Washington, June 1 : A new study from University of Iowa has revealed that female lawyers are more likely to practice in firm, but are less likely to make a partner.
The study led by Mary Noonan, associate professor of sociology in the UI College of Liberal Arts and Sciences has found that women who practiced in a firm for five or more years were 13 percent less likely than men to make partner, even if their qualifications were equal.
Noonan looked at the data from two groups of Michigan Law School graduates, the classes of 1972-78 and 1979-85, who completed surveys one, five and 15 years after graduation.
Women who graduated in the '80s were more likely to try out and less likely to leave private practice, which typically pays better than other legal careers but has traditionally attracted more men.
In all, 198 women and 1,187 men were surveyed in the first group of graduates and 304 women and 814 men in the later group.
Almost 29 percent of women who earned law degrees in the '70s left private practice within four years, compared to just 11 percent of men.
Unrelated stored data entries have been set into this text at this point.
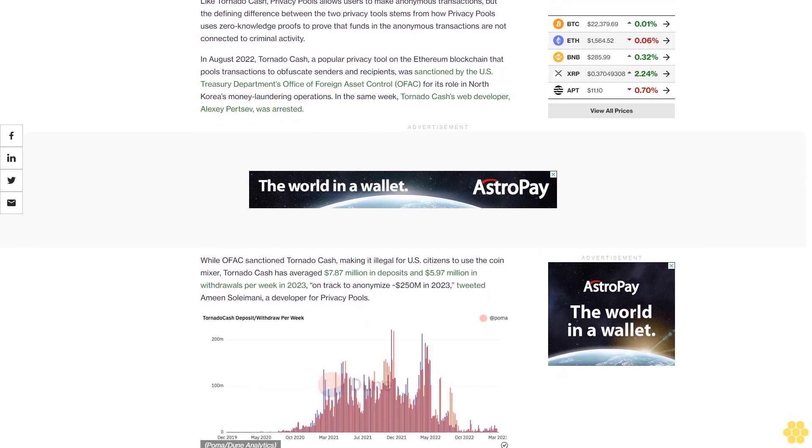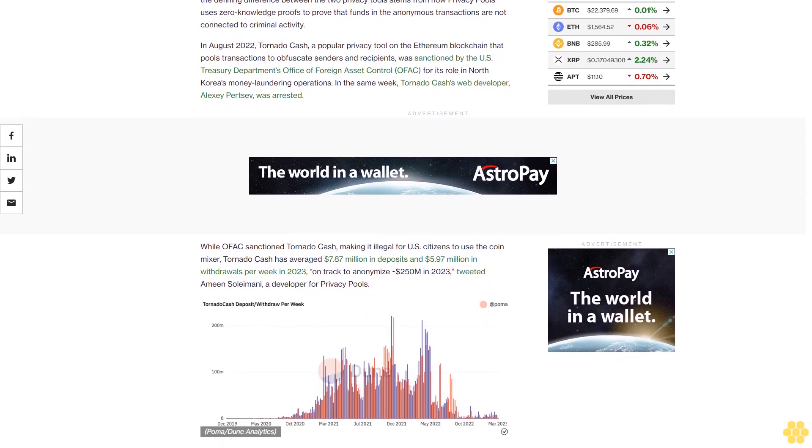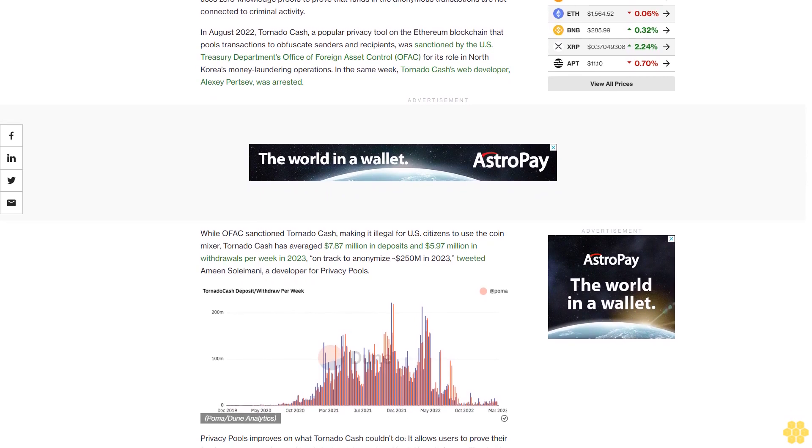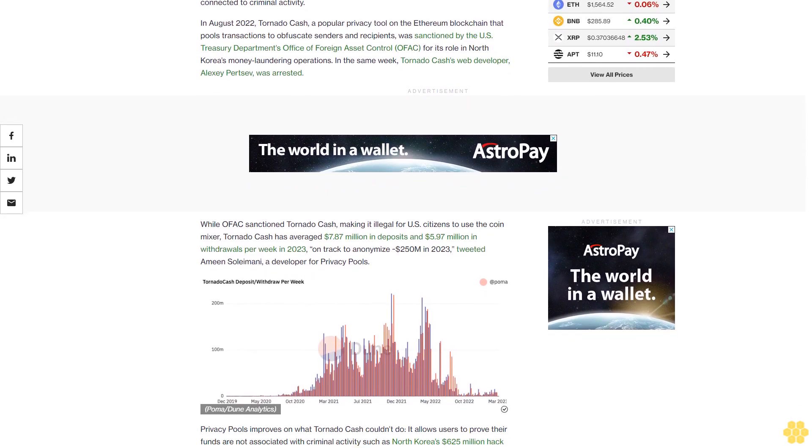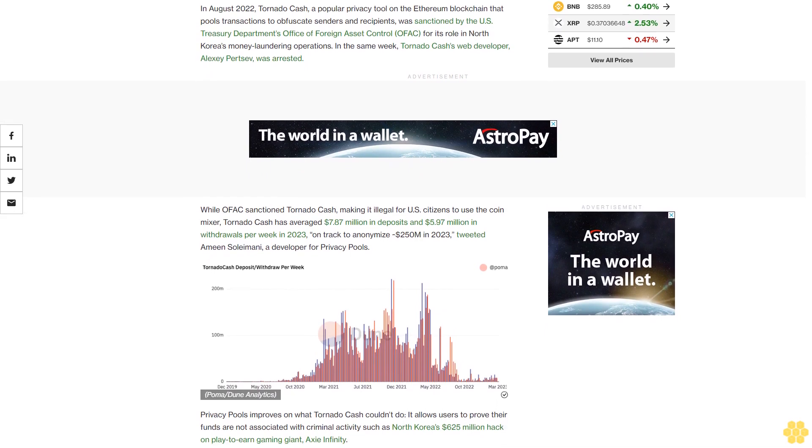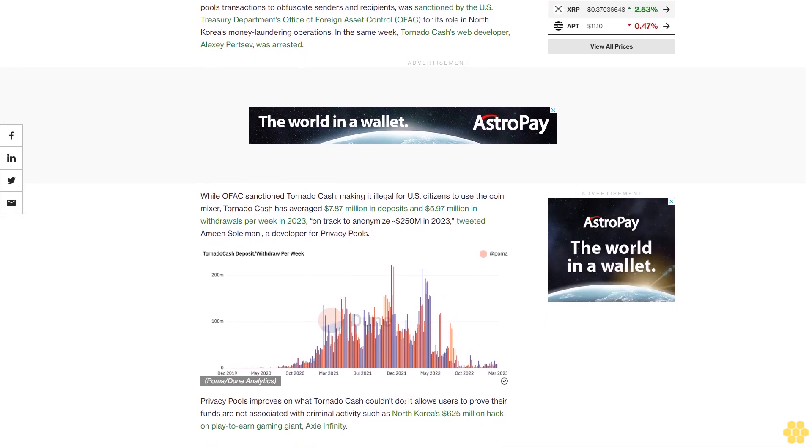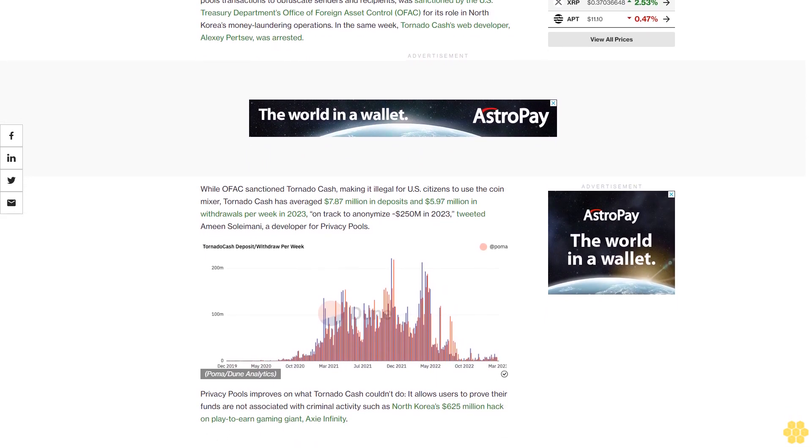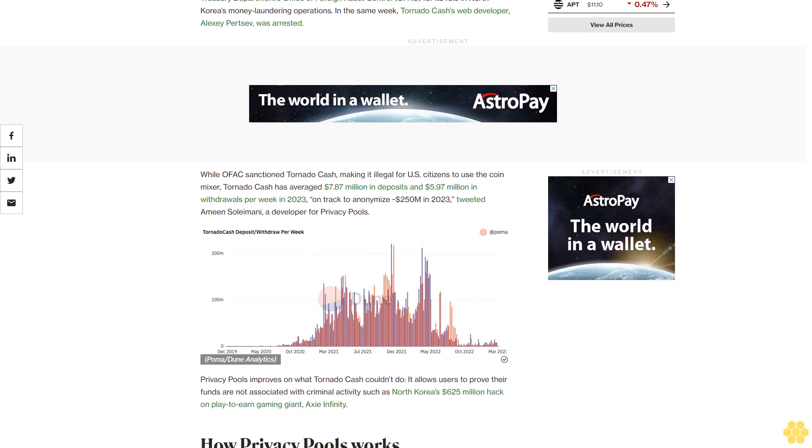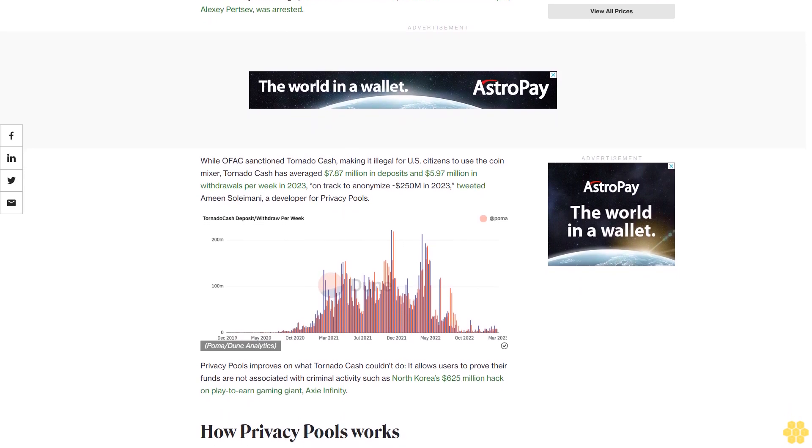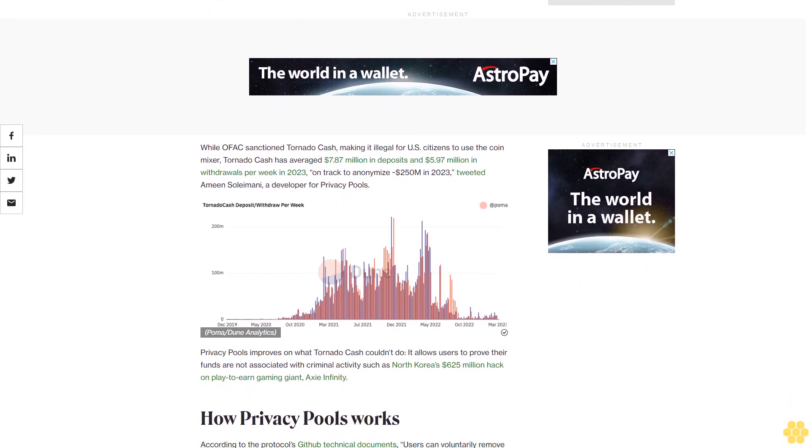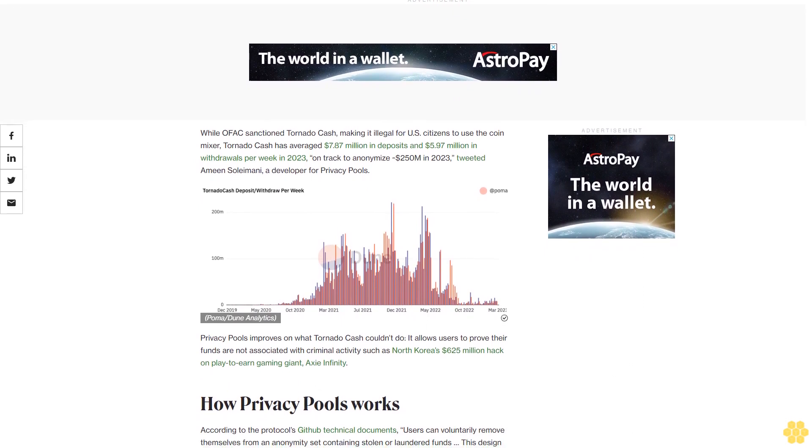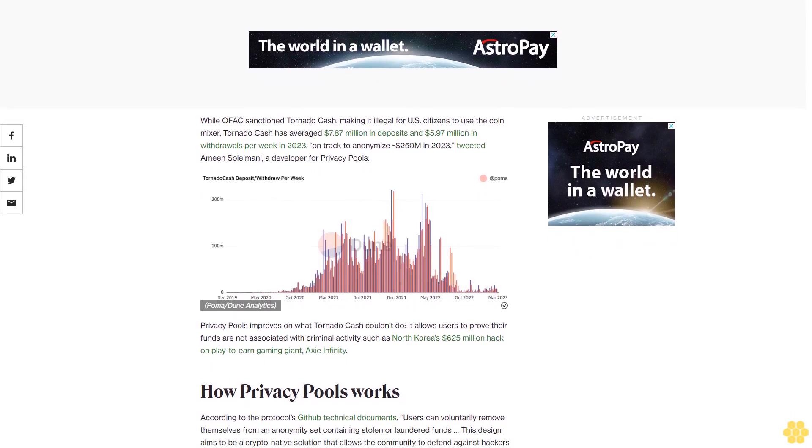While OFAC sanctioned Tornado Cash, making it illegal for U.S. citizens to use the CoinMixer, Tornado Cash has averaged $7.87 million in deposits and $5.97 million in withdrawals per week in 2023. On track to anonymize approximately $250 million in 2023, tweeted Amin Soleimani, a developer for Privacy Pools.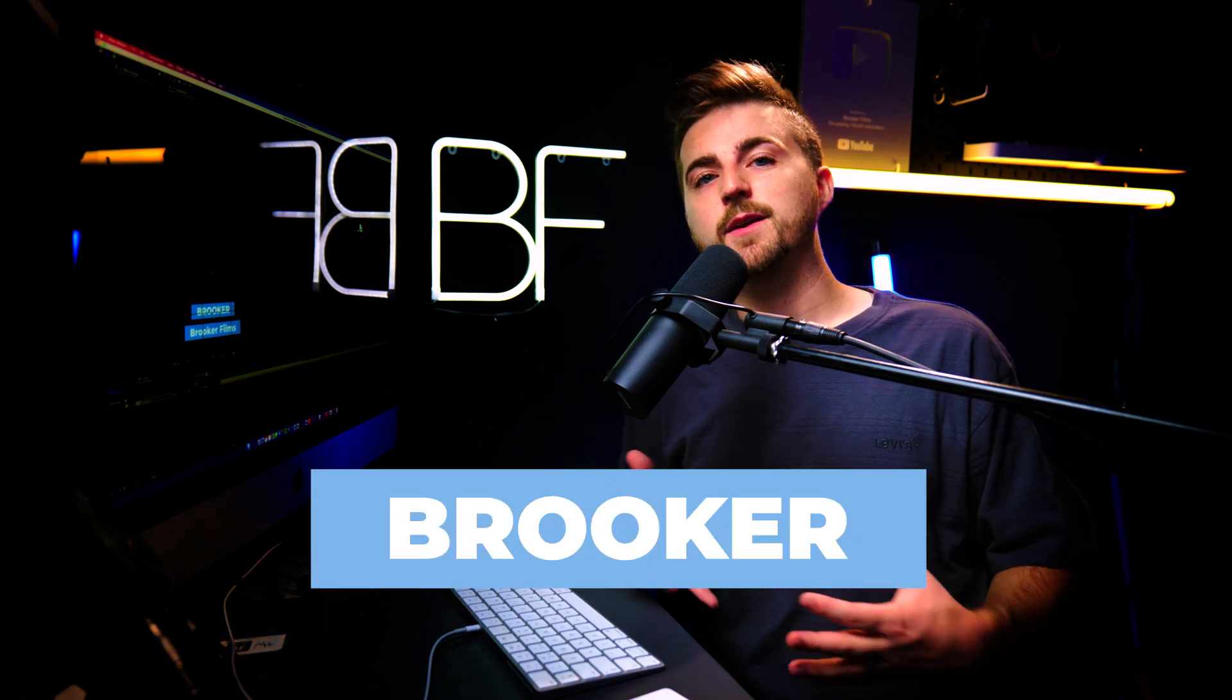But there you go. That is how you create this box text animation inside of Adobe After Effects. Thank you for watching.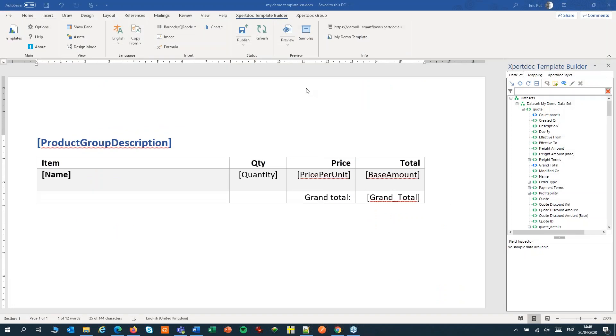Before I go, you have to remember that pseudo-fields are stored on the template itself. So if you want to use them in another template, you have to create them again for that template.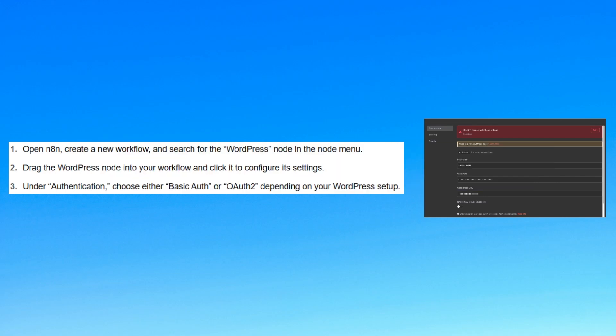First, open N8N, create a new workflow, and search for the WordPress node in the node menu. Now, drag the WordPress node into your workflow and click it to configure its settings.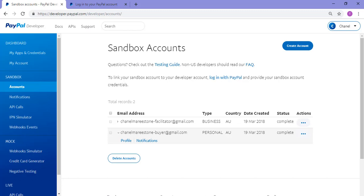Hi, Chanel from TTHQ here and in this tutorial I'll demonstrate how you can set up a PayPal sandbox testing account.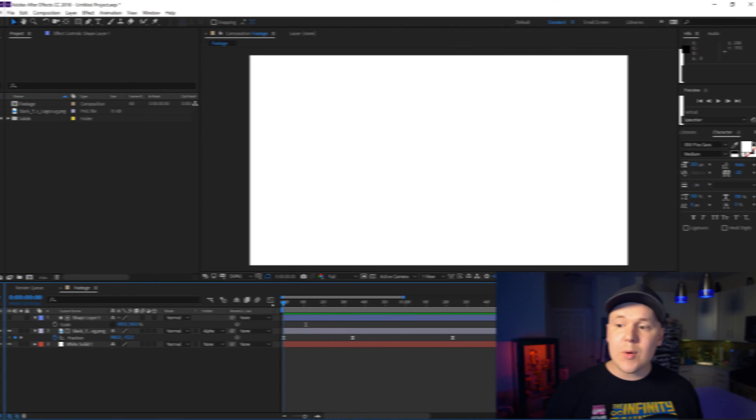Now in today's tutorial we're learning how to pre-compose footage inside of After Effects and more importantly why we do it.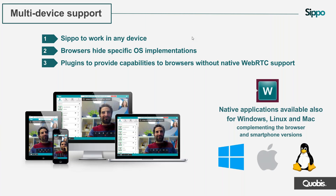WebRTC is not limited to browsers — it's HTML5 and JavaScript code that can also be adapted into a native application for PC, Mac, or Linux. There are frameworks to help adapt this code into an application, which in some use cases is more interesting than using a browser. It's also possible to grab the code and adapt it further, which I'll explain in the next slide.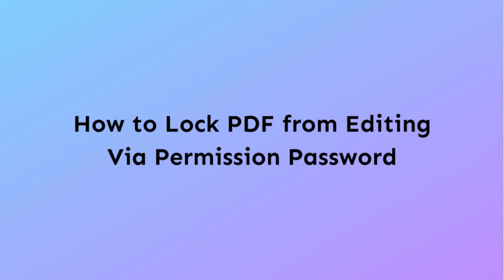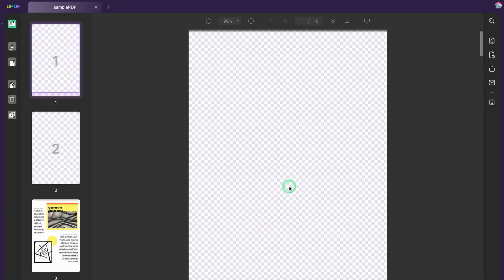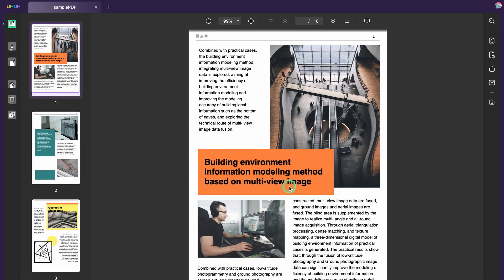Let's begin. To lock a PDF from editing, the obvious starting point is to select the file you want to lock and open it in UPDF. Once you've launched the program, just drag the PDF onto UPDF to open it.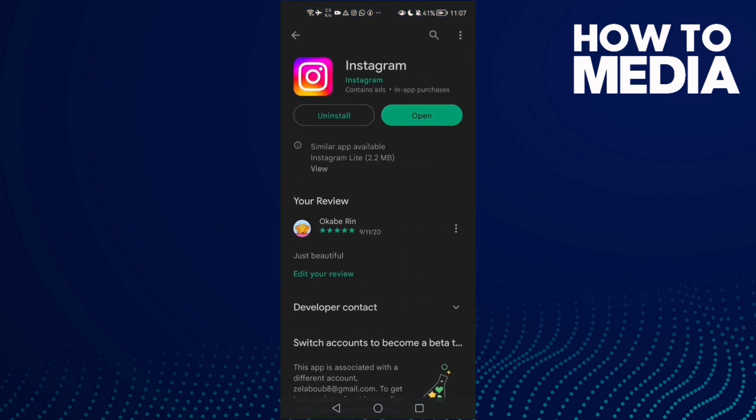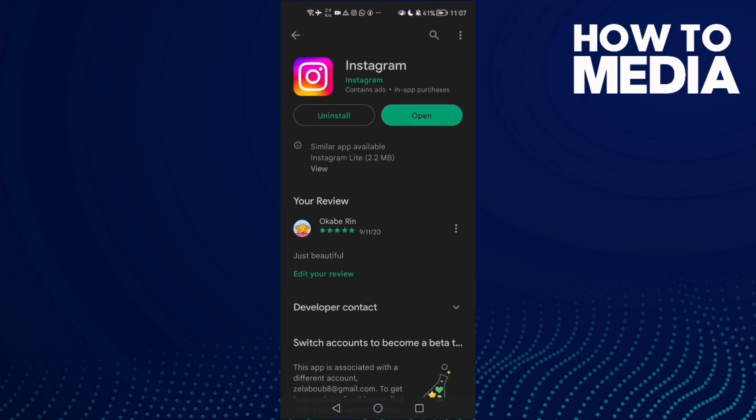Play Store or App Store and make sure your Instagram is updated. Just see if there is an update here and then click on it.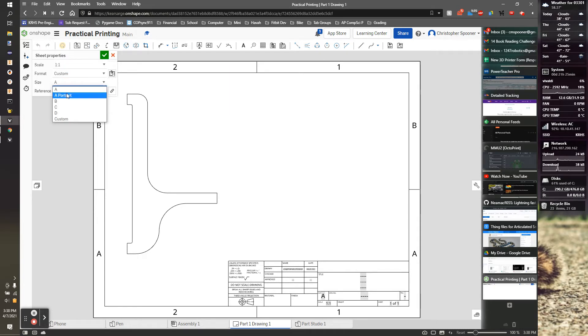You could get portrait, that would be fine, but anything A, B, C, and D are much larger, and those are not going to work. You want to make sure the scale is one to one.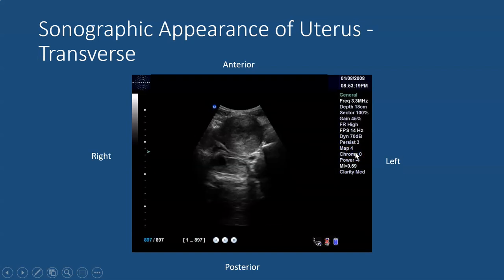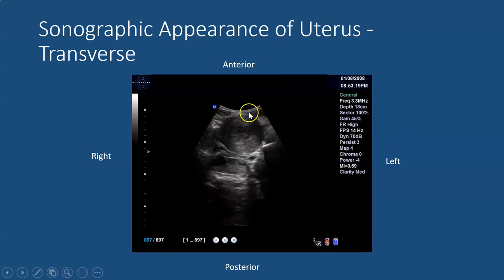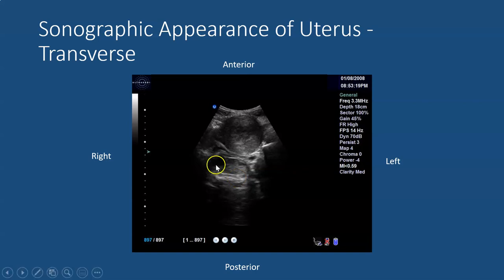Another image — this one where you cannot see the bladder because it is undistended. Instead one can see the uterus, which is the circular structure fairly anterior in our image, and just behind it you're actually able to see the ovary with a small follicle. Again the indicator is towards the patient's right, therefore this aspect of the screen is the right side of the patient and the area away is the left side of the patient.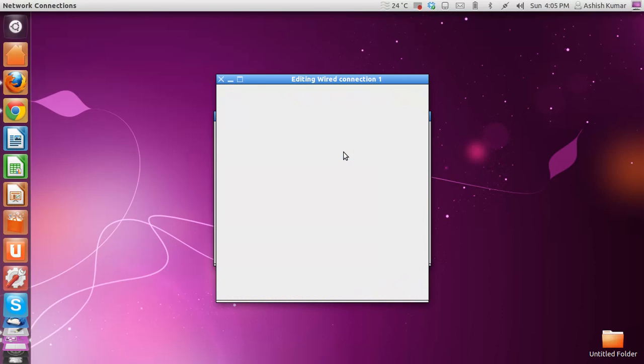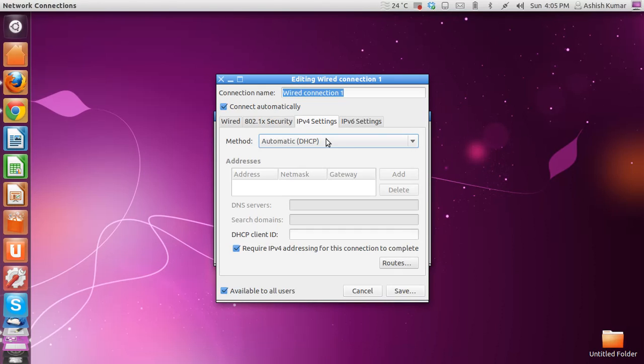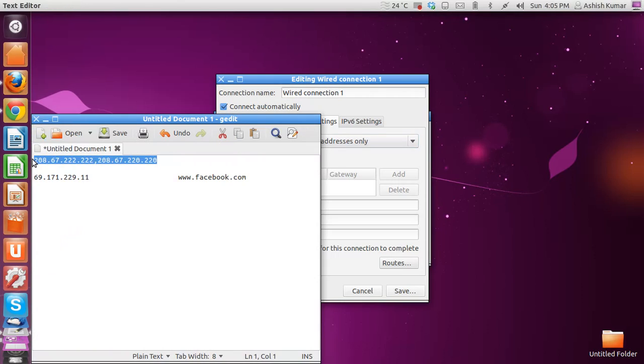Now go to IPv4 settings. You'll see this type of window where the method of connection is automatic, but you have to set this to addresses only. Now you need to fill these IP addresses.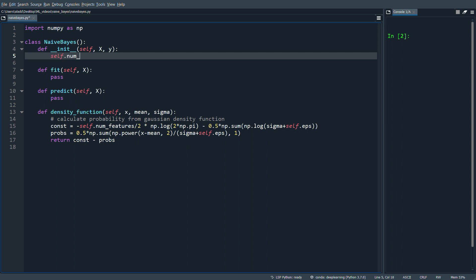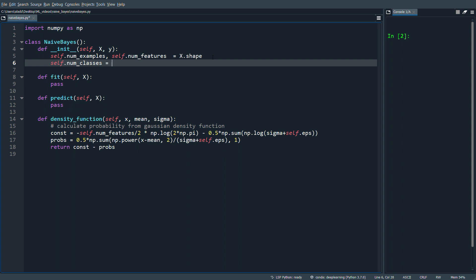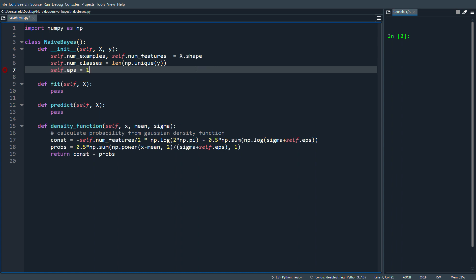We'll use self.eps and self.num_features, so let's create those in our init. self.num_examples and self.num_features come from x.shape — rows are the number of examples and columns are the number of features. Then self.num_classes is len(np.unique(y)), which finds all unique class values and takes the length. Finally, self.eps is set to 1e-6 for numerical stability.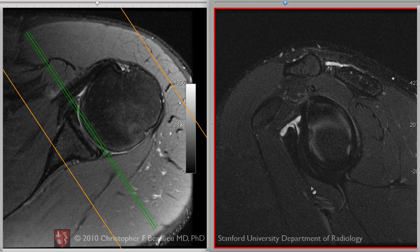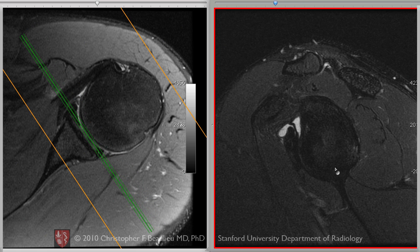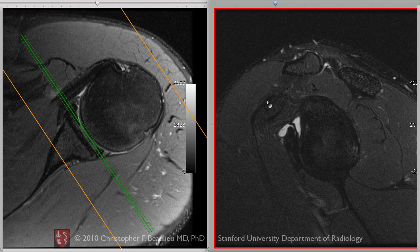This is important because the conventional clock face approach to the glenoid is that 12 o'clock is the superior position, and then anterior is going to be the 1, 2, 3 o'clock position, 6 o'clock, 9 o'clock, and 12 o'clock. The convention being that the coracoid is always anterior, and the coracoid is always the 1, 2, or 3 o'clock position.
"That part is good news. There's no glass ceiling keeping women out of firms or pushing them out in the first couple of years. There's a welcome mat: 'Come on in, please work for us, we want you here,'" said Noonan.
Women who graduated in the '70s and worked in a firm five years or longer had a 54 percent probability of becoming partner, compared to 67 percent for men.
In that group who completed law degree in the 80s, women had a 40 percent chance of making partner compared to 53 percent for men.
Nearly 90 percent, of female lawyers in both groups combined reported experiencing sexual discrimination from colleagues or clients.
"What we don't know is whether the women intentionally steered themselves off the path to partnership, or whether someone blocked the road and pushed them off," said Noonan.
The study showed that less than half of partners in law firms were happy with their work-family balance. It's possible some women considered how the demands of partnership could impact their lives and decided to avoid it, Noonan said.
"They might have different priorities. Maybe the women said, 'Yeah, partners have a lot of power and make a lot of money, but they work a lot of hours and they're stressed out, and that's not what life is about for me,'" she added.
She also said: "Older men tend to feel less comfortable spending time with a young woman than with a young man. With the guys, it's more of a father-son bond
"Men might shy away from that type of mentoring relationship with a young woman because they're afraid of what people will think."
The study was published in the March issue of the journal Social Science Research.